# DeepSeek-R1 671B dynamic quants on SageMaker endpoint

The original version of DeepSeek R1 is an FP8 model with 671B parameters, which requires larger GPU instances (such as p5en type) for deployment. 

Due to resource limitations, in order to deploy on g5, g6 and other instance types, dynamic quantization techniques can be used to reduce resource consumption. Following the technical blog from unsloth: [https://unsloth.ai/blog/deepseekr1-dynamic](https://unsloth.ai/blog/deepseekr1-dynamic), we have implemented the deployment of the DeepSeek-R1 671B dynamic quantization model on SageMaker endpoint.

## 1. Define some variables

This model is inferenced by llama.cpp. To deploy the model on SageMaker endpoint, you need to deploy via BYOC (bring your own container).

First you will build and store a llama.cpp endpoint docker image in you ECR private repo (for example `sagemaker_endpoint/llama.cpp`), you need to define the following variables.


**⚠️ For China region, you need to make sure the docker image `ghcr.io/ggerganov/llama.cpp:server-cuda` accessible**

In [1]:
MODEL_ID = "unsloth/DeepSeek-R1-GGUF"
QUANT_TYPE = "DeepSeek-R1-UD-IQ1_S" # 1.58 bit
INSTANCE_TYPE = "ml.g5.48xlarge"
# INSTANCE_TYPE = "ml.g6.48xlarge"

# QUANT_TYPE = "DeepSeek-R1-UD-Q2_K_XL"  # 2.51 bit, better quality, not support on g5/g6 instance
# INSTANCE_TYPE = "ml.g6e.48xlarge"

REPO_NAMESPACE = "sagemaker_endpoint/llama.cpp"
REPO_TAG = "server-cuda"
ACCOUNT = !aws sts get-caller-identity --query Account --output text
REGION = !aws configure get region
ACCOUNT = ACCOUNT[0]
REGION = REGION[0]


if REGION.startswith("cn"):
    CONTAINER = f"{ACCOUNT}.dkr.ecr.{REGION}.amazonaws.com.cn/{REPO_NAMESPACE}:{REPO_TAG}"
else:
    CONTAINER = f"{ACCOUNT}.dkr.ecr.{REGION}.amazonaws.com/{REPO_NAMESPACE}:{REPO_TAG}"

## 2. Build the container

Endpoint starting codes are in `app/`. The script will build and push to ecr. 

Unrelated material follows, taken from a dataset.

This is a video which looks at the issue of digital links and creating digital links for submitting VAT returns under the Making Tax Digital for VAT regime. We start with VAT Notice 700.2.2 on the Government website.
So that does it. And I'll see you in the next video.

**The docker only need to be built once**, and after that, when deploying other endpoints, the same docker image can be shared.

In [None]:
cmd = f"REPO_TAG={REPO_TAG} REPO_NAMESPACE={REPO_NAMESPACE} ACCOUNT={ACCOUNT} REGION={REGION} bash ./build_and_push.sh"
print("Runging:", cmd)
!{cmd}

## 3. Deploy on SageMaker

define the model and deploy on SageMaker


In [3]:
%pip install -U boto3 sagemaker transformers huggingface_hub hf_transfer

Note: you may need to restart the kernel to use updated packages.

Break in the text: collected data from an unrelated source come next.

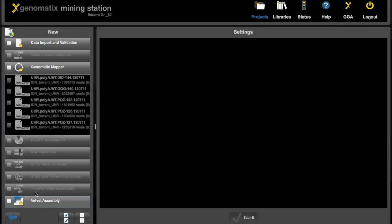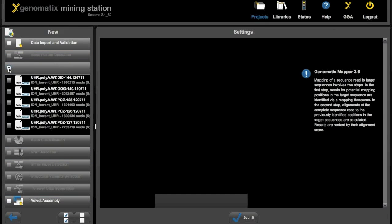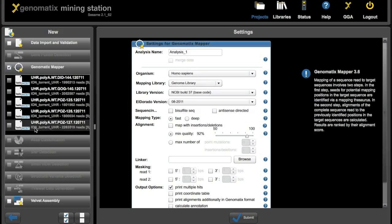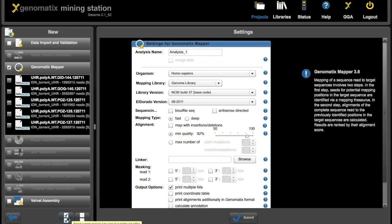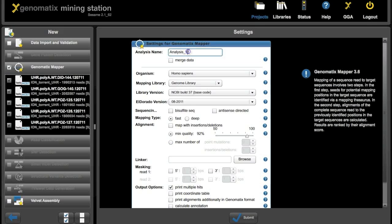Clicking the new analysis button again and then choosing genematics mapper. And then we want to use all the files we just imported. So we can click the select all button down here. Then we need to set the parameters for the analysis.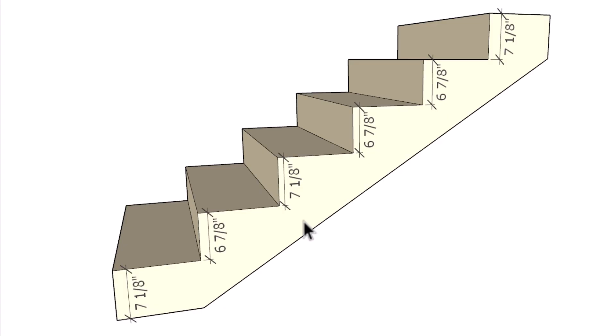In our last example, where is the smallest one? What do we have? Six and seven-eighths. Tallest riser is seven and an eighth, giving us a maximum variation of a quarter of an inch in that flight of stairs.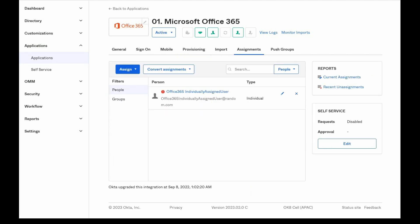If users are assigned as an individual to the Office integration, the license will be managed for each user individually, by opening the application user profile from the Assignments tab of the Office integration and changing the licenses.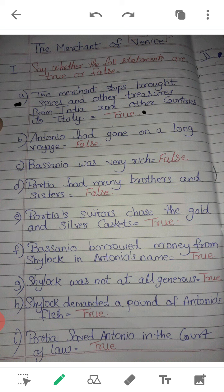B. Antonio had gone on a long voyage. Answer is false. C. Bassanio was very rich. False. D. Portia had many brothers and sisters. False. E. Portia's suitors choose the gold and silver caskets. True.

### 3.1 Init SageMaker session

In [4]:
import os
import re
import glob
import json
from datetime import datetime
import time

import boto3
import sagemaker

sess = sagemaker.Session()
role = sagemaker.get_execution_role()
default_bucket = sess.default_bucket()

sagemaker_client = boto3.client("sagemaker")



sagemaker.config INFO - Not applying SDK defaults from location: /etc/xdg/sagemaker/config.yaml
sagemaker.config INFO - Not applying SDK defaults from location: /home/ec2-user/.config/sagemaker/config.yaml


### 3.2 Download and upload model file

You need to prepare model weights and upload to S3. You can download from [https://huggingface.co/unsloth/DeepSeek-R1-GGUF](https://huggingface.co/unsloth/DeepSeek-R1-GGUF). 

In [6]:
model_name = MODEL_ID.replace("/", "-").replace(".", "-")
local_repo_path = os.environ['HOME'] + "/models/" + model_name

s3_model_path = f"s3://{default_bucket}/models/{model_name}/{QUANT_TYPE}"

%mkdir -p {local_model_path}

print("local_repo_path:", local_repo_path)

local_repo_path: /home/ec2-user/models/unsloth-DeepSeek-R1-GGUF


Download the dynamic quant model

In [7]:
os.environ["HF_HUB_ENABLE_HF_TRANSFER"] = "1"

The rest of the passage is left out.